Credit Attribution: The Challenges
When a customer interacts with more than one marketing channel how should credit for the order be parsed?
Smart marketers all over the world are wrestling with this difficult question, and for good reason. Efficient marketing demands that we understand which ad buys are productive and which are less so. Perfect understanding would allow us to generate sales, new customers, and leads with maximum efficiency. Unfortunately perfect understanding is impossible, but we think reasonably good understanding is not far off.
RKG is wading into the fray with what we hope will be a game-changing solution. We think we have a system that fits the need in terms of flexibility, sophistication, and affordability. More on that in the coming weeks.
Before we talk about the range of solutions, let’s lay out the challenges all attribution systems face.
Any data driven process depends on having reasonably accurate information. Part of the challenge is collecting data on all the interactions a buyer has with different marketing initiatives. Even for an online pure play, this is not trivial.
- What is the value of a display ad impression, and can we tie them to an order number?
- How should we think about “unopened” emails?
For advertisers with significant direct mail activity more challenges arise:
- Can we match the mailing history to web orders dynamically at the time of checkout? Yes for many cases, but no for folks with very recent address changes or people on prospect mailing lists.
- How do we fold in match-back information? Since we often can’t link the person who placed a web order to our mailing list dynamically, we have to back-fill this information later. This creates a need to re-calculate the attributions for affected orders.
For advertisers with a wide brick and mortar footprint, who mail circulars, do TV and radio spots, have store signage, etc. we enter the realm of impossibility.
Clearly perfect is impossible, the challenges are material but getting closer to the truth still carries significant potential benefits.
The data is imperfect and messy, but once we have that data how we handle it is not trivial either.
We have to think about the following:
- Can we distinguish between brand and competitive/non-brand search for both natural and paid?
- Can we fold in results of lift tests for display ads, catalog mailings, email?
- How should we handle multiple interactions with the same ad? This is particularly important with display ad impressions.
- Should organic search on competitive phrases count as a marketing channel for this analysis?
- Over what time period should ads be active? Hard windows seem odd: the ad gets 100% credit if it’s within 30 days but at 31 that drops to 0? At the same time if the only ad touch was 82 days ago, should it get credit for the whole order? Part of it? If part, what gets credit for the rest of the order?

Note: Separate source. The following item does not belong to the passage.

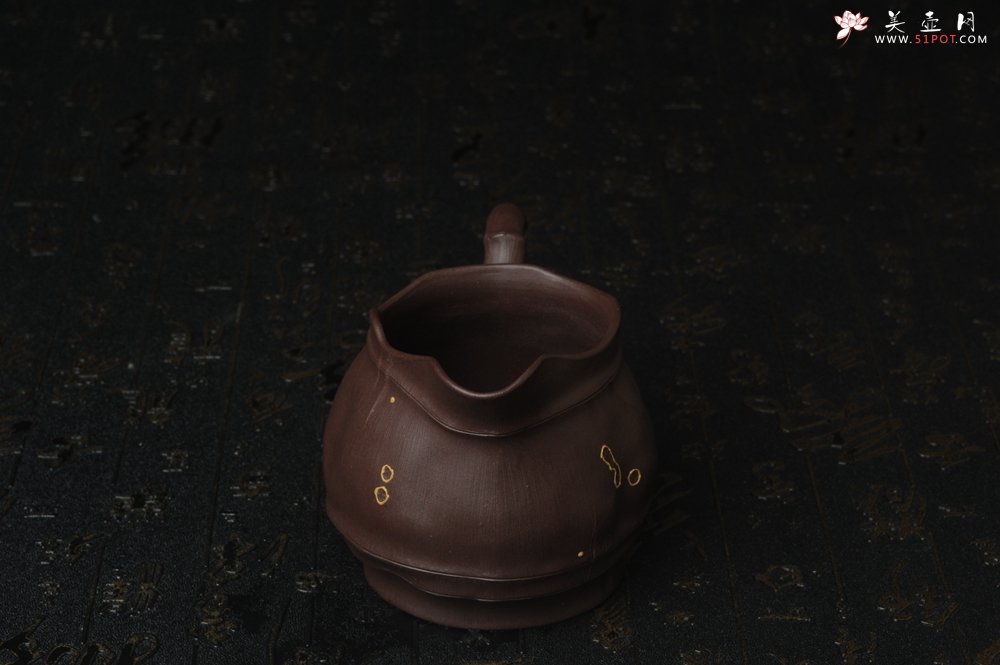 紫砂壶图片：精致特惠紫泥竹段公道杯 - 美壶网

- Some channels cannibalize sales from others. With affiliates, control tests are impossible. That is, we’d like to know what fraction of folks who get to an affiliate site by typing in “[My brand] Coupon” would have bought from us at full price, with no commission, in the absence of that ad. Absent that test, how much should we depreciate those types of touches?
Perhaps the most important piece to consider: What actions can we take based on the information?
- Regardless of the credit given to email, because it is so cheap, do we even care what’s incremental and what isn’t?
- If it turns out that affiliates should only get 40% of the credit they’re currently getting, can we pay them accordingly or is it an all or nothing proposition?
The levers over which we have complete control and for which we spend significant dollars seem to be paid search, display advertising and direct mail. Shifts in the views of these programs have the greatest potential for improved resource allocation. If some of the other channels are stealing credit from these programs or vice-versa, the opportunities for impacting the P & L become meaningful.
Next week I’ll outline what might be viewed as “Good, better, and best” solutions for attribution management. A simple, basic solution may make sense for many, complex heuristic models will make sense to some, and more advanced statistical models may be worthwhile for others. Along with descriptions of each, I’ll toss out some other important considerations for folks thinking of implementing any of these.